START DATASET RECORDS

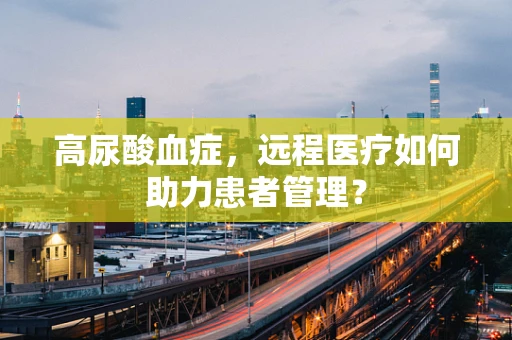 高尿酸血症，远程医疗如何助力患者管理？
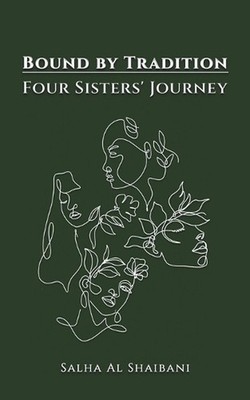 Bound by Tradition: Four Sisters' Journey by Salha Al Shaibani Paperback Book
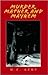 Murder, Mather And Mayhem by M.E. Kemp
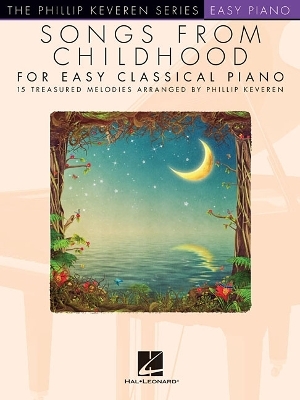 Songs from Childhood for Easy Classical Piano -  Hal Leonard Publishing Corporation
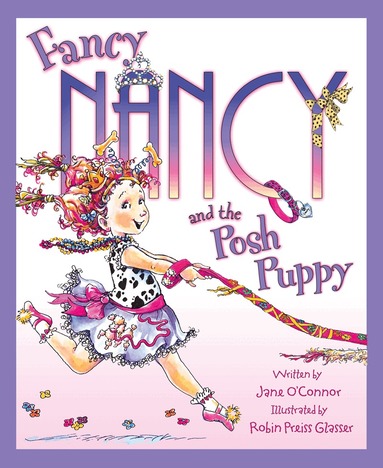 Jane O’Connor - Fancy Nancy and the Posh Puppy, Häftad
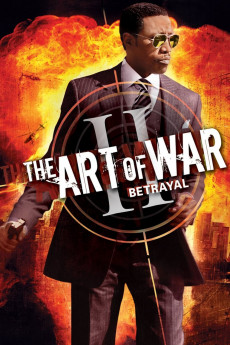 The Art of War II: Betrayal (2022) download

END DATASET RECORDS

**EXERCISE GOAL:** Reproduce all of the entries above word for word, but leave out their pictures.

**RESULT OF THE EXERCISE:**
 高尿酸血症，远程医疗如何助力患者管理？
 Bound by Tradition: Four Sisters' Journey by Salha Al Shaibani Paperback Book
 Murder, Mather And Mayhem by M.E. Kemp
 Songs from Childhood for Easy Classical Piano -  Hal Leonard Publishing Corporation
 Jane O’Connor - Fancy Nancy and the Posh Puppy, Häftad
 The Art of War II: Betrayal (2022) download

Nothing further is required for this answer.